Pictures stay out of the copy, and everything else in the data below is repeated exactly.

▶ [Provided material]
· · · · ·
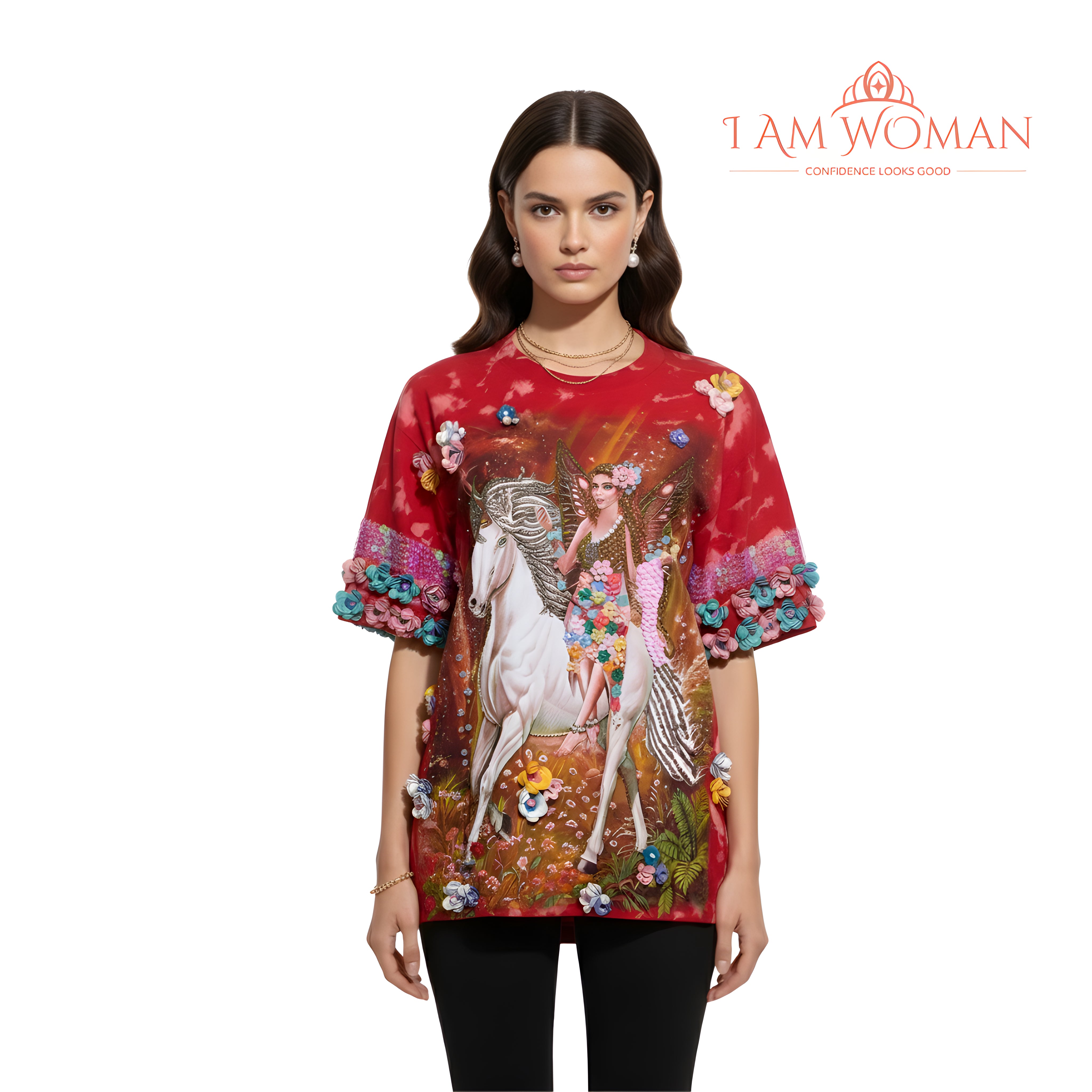 I Am Woman Red Baroque Print T Shirt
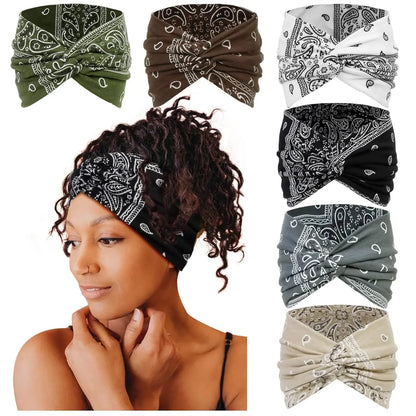 Cubidupi 6 Pack Boho Wide Headbands for Women, Stretchy Breathable Yoga Workout Headwraps, Fashion Hair Accessories for Women, Female, One Size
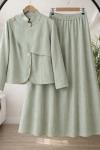 Metal Düğmeli  Keten Etekli takım Mintyeşil TCN40171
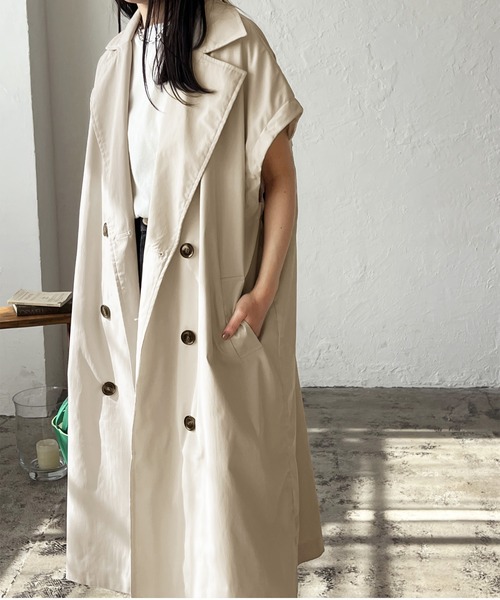 LIAN（リアン）の「ギャバ袖取り外し2WAYトレンチコート（トレンチコート・レディース・ブラック/カーキ/アイボリー・FREE）」の10枚目の写真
· · · · ·
▶ [Your response]
 I Am Woman Red Baroque Print T Shirt
 Cubidupi 6 Pack Boho Wide Headbands for Women, Stretchy Breathable Yoga Workout Headwraps, Fashion Hair Accessories for Women, Female, One Size
 Metal Düğmeli  Keten Etekli takım Mintyeşil TCN40171
 LIAN（リアン）の「ギャバ袖取り外し2WAYトレンチコート（トレンチコート・レディース・ブラック/カーキ/アイボリー・FREE）」の10枚目の写真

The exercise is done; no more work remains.